Again, the Commission finds that these payments (characterised today by Neelie Kroes as ‘pay for delay’) excluded AMD and so hurt consumer choice.
The Commission’s reasoning
The Commission’s full reasoning will be made public when the full text of the decision (which is said to be over 500 pages long) is published in the coming weeks. However, today’s press release gives a flavour of the Commission’s reasoning.
On the conditional rebates, the Commission explains that its reasoning is consistent with that laid down by the European Courts in the major conditional rebates cases such as Michelin and British Airways.

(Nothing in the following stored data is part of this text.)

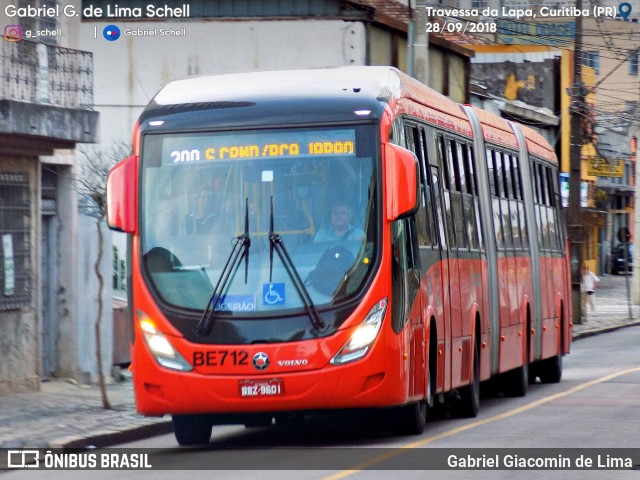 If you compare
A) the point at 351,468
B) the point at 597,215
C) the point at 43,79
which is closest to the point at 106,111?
the point at 43,79

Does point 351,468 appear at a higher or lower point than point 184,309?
lower

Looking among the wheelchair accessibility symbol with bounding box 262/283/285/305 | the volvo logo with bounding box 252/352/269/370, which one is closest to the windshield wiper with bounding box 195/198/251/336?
the wheelchair accessibility symbol with bounding box 262/283/285/305

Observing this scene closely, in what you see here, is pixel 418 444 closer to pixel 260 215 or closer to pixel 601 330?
pixel 260 215

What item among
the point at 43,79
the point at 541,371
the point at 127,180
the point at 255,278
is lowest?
the point at 541,371

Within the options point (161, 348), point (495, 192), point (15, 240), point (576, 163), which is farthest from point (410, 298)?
point (576, 163)

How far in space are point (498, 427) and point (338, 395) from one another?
9.83 feet

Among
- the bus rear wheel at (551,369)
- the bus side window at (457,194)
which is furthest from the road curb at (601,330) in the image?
the bus side window at (457,194)

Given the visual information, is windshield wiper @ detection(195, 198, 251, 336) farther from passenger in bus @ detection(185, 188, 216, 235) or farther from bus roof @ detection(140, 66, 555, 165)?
bus roof @ detection(140, 66, 555, 165)

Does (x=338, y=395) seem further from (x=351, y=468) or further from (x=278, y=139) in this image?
(x=278, y=139)

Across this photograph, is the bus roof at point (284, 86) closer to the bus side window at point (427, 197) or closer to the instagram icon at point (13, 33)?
the bus side window at point (427, 197)

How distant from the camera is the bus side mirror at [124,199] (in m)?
13.4

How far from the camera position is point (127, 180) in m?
13.4

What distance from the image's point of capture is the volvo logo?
12.8 m

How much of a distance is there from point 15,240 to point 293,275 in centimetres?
833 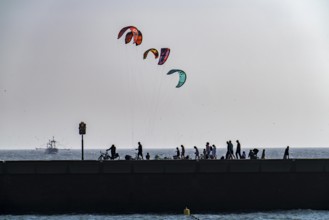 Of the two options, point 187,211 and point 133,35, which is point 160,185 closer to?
point 187,211

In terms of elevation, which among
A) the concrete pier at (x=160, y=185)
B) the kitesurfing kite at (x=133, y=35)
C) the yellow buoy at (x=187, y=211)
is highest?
the kitesurfing kite at (x=133, y=35)

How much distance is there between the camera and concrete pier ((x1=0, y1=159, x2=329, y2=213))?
55406 millimetres

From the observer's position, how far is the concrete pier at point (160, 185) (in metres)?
55.4

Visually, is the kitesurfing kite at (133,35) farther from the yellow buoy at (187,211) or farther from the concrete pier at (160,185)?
the yellow buoy at (187,211)

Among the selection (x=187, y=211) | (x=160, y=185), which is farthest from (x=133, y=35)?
(x=187, y=211)

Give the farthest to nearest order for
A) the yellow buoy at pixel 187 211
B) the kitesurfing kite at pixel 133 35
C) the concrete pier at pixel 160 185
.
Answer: the kitesurfing kite at pixel 133 35
the concrete pier at pixel 160 185
the yellow buoy at pixel 187 211

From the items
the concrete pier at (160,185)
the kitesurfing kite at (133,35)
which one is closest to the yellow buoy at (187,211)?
the concrete pier at (160,185)

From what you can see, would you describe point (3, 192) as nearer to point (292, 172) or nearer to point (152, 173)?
point (152, 173)

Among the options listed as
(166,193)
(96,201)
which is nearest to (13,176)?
(96,201)

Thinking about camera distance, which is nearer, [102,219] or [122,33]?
[102,219]

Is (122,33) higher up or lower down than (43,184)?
higher up

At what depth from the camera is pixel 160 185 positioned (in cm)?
5578

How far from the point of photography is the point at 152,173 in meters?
55.8

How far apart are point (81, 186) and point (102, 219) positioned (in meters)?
2.74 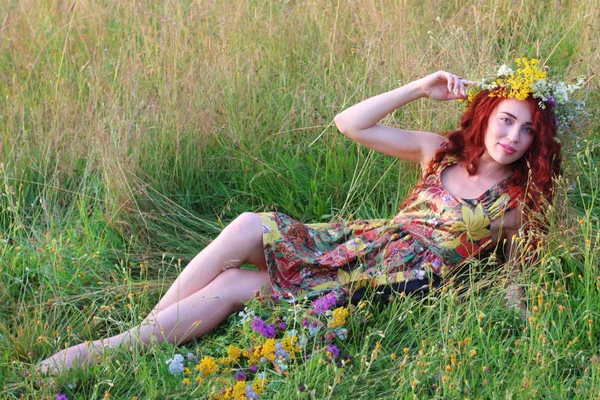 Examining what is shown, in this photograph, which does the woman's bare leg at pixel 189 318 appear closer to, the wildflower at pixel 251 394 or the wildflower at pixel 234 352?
the wildflower at pixel 234 352

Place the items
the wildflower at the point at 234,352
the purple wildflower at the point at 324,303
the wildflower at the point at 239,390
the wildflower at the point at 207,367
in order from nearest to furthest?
1. the wildflower at the point at 239,390
2. the wildflower at the point at 207,367
3. the wildflower at the point at 234,352
4. the purple wildflower at the point at 324,303

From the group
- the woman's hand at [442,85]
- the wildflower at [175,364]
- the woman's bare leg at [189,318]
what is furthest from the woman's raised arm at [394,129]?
the wildflower at [175,364]

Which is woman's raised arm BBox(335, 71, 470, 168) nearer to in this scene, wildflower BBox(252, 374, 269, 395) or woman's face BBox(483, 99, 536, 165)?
woman's face BBox(483, 99, 536, 165)

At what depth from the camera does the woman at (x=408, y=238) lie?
3.15 m

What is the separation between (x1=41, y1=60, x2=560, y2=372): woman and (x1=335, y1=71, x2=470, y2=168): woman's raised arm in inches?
2.5

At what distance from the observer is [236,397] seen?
255 cm

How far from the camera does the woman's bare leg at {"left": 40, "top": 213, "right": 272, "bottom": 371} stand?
3.06 metres

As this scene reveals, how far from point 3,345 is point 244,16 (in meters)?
2.57

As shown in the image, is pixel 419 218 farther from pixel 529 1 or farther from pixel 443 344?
pixel 529 1

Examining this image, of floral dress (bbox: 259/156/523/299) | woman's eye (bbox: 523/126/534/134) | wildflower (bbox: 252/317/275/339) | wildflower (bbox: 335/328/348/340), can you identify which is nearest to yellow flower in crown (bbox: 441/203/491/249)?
floral dress (bbox: 259/156/523/299)

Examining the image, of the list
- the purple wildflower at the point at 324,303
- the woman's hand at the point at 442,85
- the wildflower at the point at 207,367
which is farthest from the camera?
the woman's hand at the point at 442,85

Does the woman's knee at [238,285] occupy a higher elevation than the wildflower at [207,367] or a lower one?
higher

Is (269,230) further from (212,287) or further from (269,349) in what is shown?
(269,349)

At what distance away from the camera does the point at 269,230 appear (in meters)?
3.23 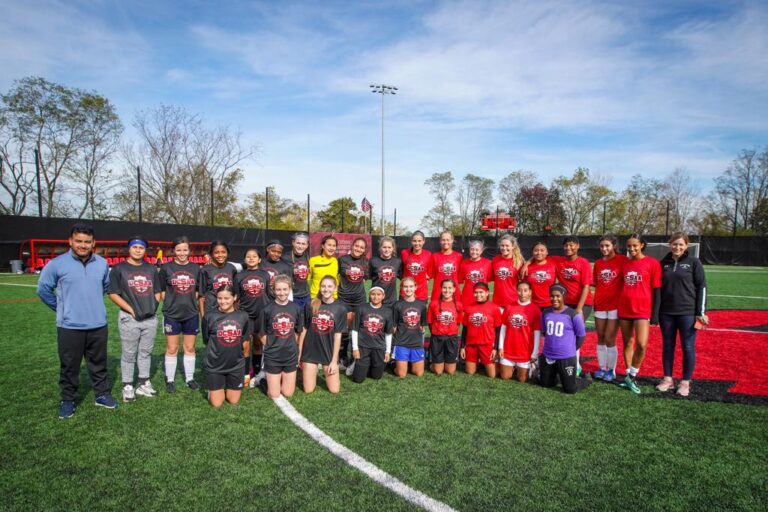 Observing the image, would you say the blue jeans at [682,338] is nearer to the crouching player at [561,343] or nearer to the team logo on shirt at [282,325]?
the crouching player at [561,343]

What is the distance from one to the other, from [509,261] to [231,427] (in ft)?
13.0

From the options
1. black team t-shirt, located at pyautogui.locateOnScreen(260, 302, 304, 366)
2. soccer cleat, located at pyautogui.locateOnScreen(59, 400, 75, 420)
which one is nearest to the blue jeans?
black team t-shirt, located at pyautogui.locateOnScreen(260, 302, 304, 366)

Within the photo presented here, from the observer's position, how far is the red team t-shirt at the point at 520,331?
5.61 m

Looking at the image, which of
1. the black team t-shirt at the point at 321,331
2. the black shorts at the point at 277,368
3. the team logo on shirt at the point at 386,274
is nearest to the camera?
the black shorts at the point at 277,368

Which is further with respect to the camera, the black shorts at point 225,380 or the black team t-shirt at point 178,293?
the black team t-shirt at point 178,293

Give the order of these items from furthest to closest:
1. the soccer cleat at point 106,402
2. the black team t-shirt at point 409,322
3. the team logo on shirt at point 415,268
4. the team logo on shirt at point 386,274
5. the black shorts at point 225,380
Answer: the team logo on shirt at point 415,268
the team logo on shirt at point 386,274
the black team t-shirt at point 409,322
the black shorts at point 225,380
the soccer cleat at point 106,402

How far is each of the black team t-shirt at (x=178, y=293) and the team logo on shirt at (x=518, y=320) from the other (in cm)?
388

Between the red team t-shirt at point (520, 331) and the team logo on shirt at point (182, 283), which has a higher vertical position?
the team logo on shirt at point (182, 283)

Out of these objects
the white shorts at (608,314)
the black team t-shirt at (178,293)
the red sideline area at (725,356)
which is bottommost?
the red sideline area at (725,356)

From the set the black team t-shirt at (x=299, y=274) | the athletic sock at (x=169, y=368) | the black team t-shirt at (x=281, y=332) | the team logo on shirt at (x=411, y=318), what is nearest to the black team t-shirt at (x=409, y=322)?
the team logo on shirt at (x=411, y=318)

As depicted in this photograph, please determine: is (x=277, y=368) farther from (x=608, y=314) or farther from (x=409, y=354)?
(x=608, y=314)

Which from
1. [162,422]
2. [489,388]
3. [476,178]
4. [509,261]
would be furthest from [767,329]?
[476,178]

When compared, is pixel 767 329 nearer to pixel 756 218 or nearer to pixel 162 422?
Answer: pixel 162 422

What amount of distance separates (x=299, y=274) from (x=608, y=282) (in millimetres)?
3944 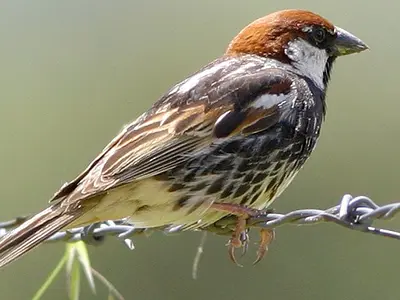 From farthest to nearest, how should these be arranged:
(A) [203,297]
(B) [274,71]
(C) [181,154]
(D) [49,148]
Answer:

The Commission does, though, provide a deeper analysis of the effect of those rebates than is strictly mandated by those decisions. In doing so, it appears to be consistent with the approach taken in its recent Guidance Paper on its enforcement priorities for article 82 cases, and with the fuller article 82 Discussion Paper that preceded this. In particular, today’s press release sets out the terms of the analysis undertaken by the Commission regarding the share of demand that a rival like AMD could realistically access (given Intel’s ‘must have’ status), the effect of the ‘roll-back’ nature of the rebates (meaning that customers would lose the rebate over all their units if they did not meet the thresholds), and the effect of Intel’s rebates on the price that a rival would have to charge to access the contestable part of the market. It can be expected that the full decision will contain (to the extent it is not redacted for confidentiality) a relatively full economic analysis on this point – consistent with the Commission’s wish to introduce more economic rigour into its article 82 decision-making.
It is also worth noting that the Commission makes several explicit statements that Intel’s right of defence have been fully protected. Intel brought a challenge in the European Court of First Instance, alleging that its rights of defence had not been respected. Their request for interim measures was rejected by the court. As a result of this challenge, though, it is probably unsurprising that the Commission is at pains to state that Intel’s rights have been respected.
The Commission’s fine is the largest ever levied on a single company and is much larger than the fine imposed on Microsoft in 2004 for breaching article 82.
The Commission explains that it has been calculated consistent with its fining guidelines, based on Intel’s sales of x86 CPUs in the European Economic Area for the period of the abuse (which the Commission finds was five years and three months). In today’s speech, Neelie Kroes notes that it is the scale of the infringement that has led to such a significant fine: ‘Given that Intel has harmed millions of European consumers by deliberately acting to keep competitors out of the market for over five years, the size of the fine should come as no surprise.’
The fine remains far short, though, of the theoretical maximum of 10 per cent of Intel’s global turnover. The fine represents only 4.15 per cent of Intel’s turnover in the relevant year.
Intel is also obliged by the decision to desist from the practices identified as abusive by the Commission.
Like Microsoft, this has been a very lengthy investigation by the Commission, and one that has coincided with its review of the economic and analytical rigour with which it undertakes article 82 cases. Today’s press release makes clear the Commission’s commitment, as flagged up in the Guidance Paper on article 82 enforcement priorities, that an analysis of the effect of the behaviour in question is regarded as being a key part of its approach.
The decision – in particular, the fine – also appears to be a signal that the Commission remains committed to pursuing large abuse of dominance cases, even in a more challenging economic climate.